🌋 Natural Language Processing with Disaster Tweets

DataTalks.Club's Capstone 2 project by Alexander D. Rios

🌋 Natural Language Processing with Disaster Tweets

This repository was created as part of the DataTalks.Club's Machine Learning Zoomcamp by Alexey Grigorev.

This project has been submitted as the Capstone 1 project for the course.

Overview

Twitter has become an important communication channel in times of emergency. The ubiquitousness of smartphones enables people to announce an emergency they’re observing in real-time.
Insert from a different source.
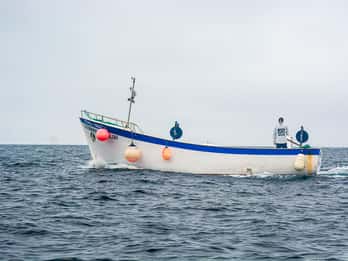 São Miguel: Bootsfahrt entlang der Küste in einem traditionellen Boot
Because of this, more agencies are interested in programatically monitoring Twitter (i.e. disaster relief organizations and news agencies).

But, it’s not always clear whether a person’s words are actually announcing a disaster. Take this example:

The author explicitly uses the word “ABLAZE” but means it metaphorically. This is clear to a human right away, especially with the visual aid. But it’s less clear to a machine.

In this competition, we’re challenged to build a machine learning model that predicts which Tweets are about real disasters and which one’s aren’t. We’ll have access to a dataset of 10,000 tweets that were hand classified.

Disclaimer: The dataset for this competition contains text that may be considered profane, vulgar, or offensive.

Acknowledgments

This dataset was created by the company figure-eight and originally shared on their ‘Data For Everyone’ website here.

Tweet source: https://twitter.com/AnyOtherAnnaK/status/629195955506708480

What am I predicting?

You are predicting whether a given tweet is about a real disaster or not. If so, predict a 1. If not, predict a 0.

Kaggle competition

You can find the competition in the following link: https://www.kaggle.com/competitions/nlp-getting-started

This particular challenge is perfect for data scientists looking to get started with Natural Language Processing.

Directory structure

📂 NLP_with_Disaster_Tweets_Capstone_2

📄 README.md
📄 Pipfile
📄 Pipfile.lock
📂 analysis
- 📊 nlp-with-disaster-tweets.ipynb
- 📊 NLP_with_Disaster_Tweets-Colab.ipynb
- 📖 NLP_with_Disaster_Tweets-Colab.pdf
- 📊 test_deploy.ipynb
📂 dataset
- 📂 479k-english-words
  - 🗄️ english_words_479k.txt
- 📂 english-word-frequency
  - 🗄️ unigram_freq.csv
- 📂 nlp-getting-started
  - 🗄️ sample_submission.csv
  - 🗄️ test.csv
  - 🗄️ train.csv
📂 etc
- 📄 deploy.sh
- ⚙️ gateway-deployment-service.yaml
- ⚙️ gateway-deployment.yaml
- 🐋 gateway.dockerfile
- ⚙️ kind-config.yaml
- ⚙️ metallb-configmap.yaml
- ⚙️ model-deployment.yaml
- ⚙️ model-service.yaml
- ⚙️ nginx-ingress.yaml
- 🐋 serving.dockerfile
📂 models
- 🤖 model_base.h5
- 🤖 tokenizer.bin
📂 scripts
- 🐍 load_data.py
- 🐍 model_conversor.py
- 🐍 model_serving.py
- 🐍 test.py
- 🐍 train.py
- 🐍 utils.py
- 📂 disaster_tweets_model
  - 📄 fingerprint.pb
  - 📄 saved_model.pb
  - 📂 variables
    - 📄 variables.data-00000-of-00001
    - 📄 variables.index
📂 streamlit_app
- 🐍 my_app.py
- 📄 requirements.txt
- 🗄️ train_clean.csv

Downloading the dataset

In this project, I used the following dataset: Natural Language Processing with Disaster Tweets

You can download it with the following code:

!pip install kagglehub

import kagglehub
kagglehub.login()

nlp_getting_started_path = kagglehub.competition_download('nlp-getting-started')
rtatman_english_word_frequency_path = kagglehub.dataset_download('rtatman/english-word-frequency')
yk1598_479k_english_words_path = kagglehub.dataset_download('yk1598/479k-english-words')
keras_bert_keras_bert_small_en_uncased_2_path = kagglehub.model_download('keras/bert/Keras/bert_small_en_uncased/2')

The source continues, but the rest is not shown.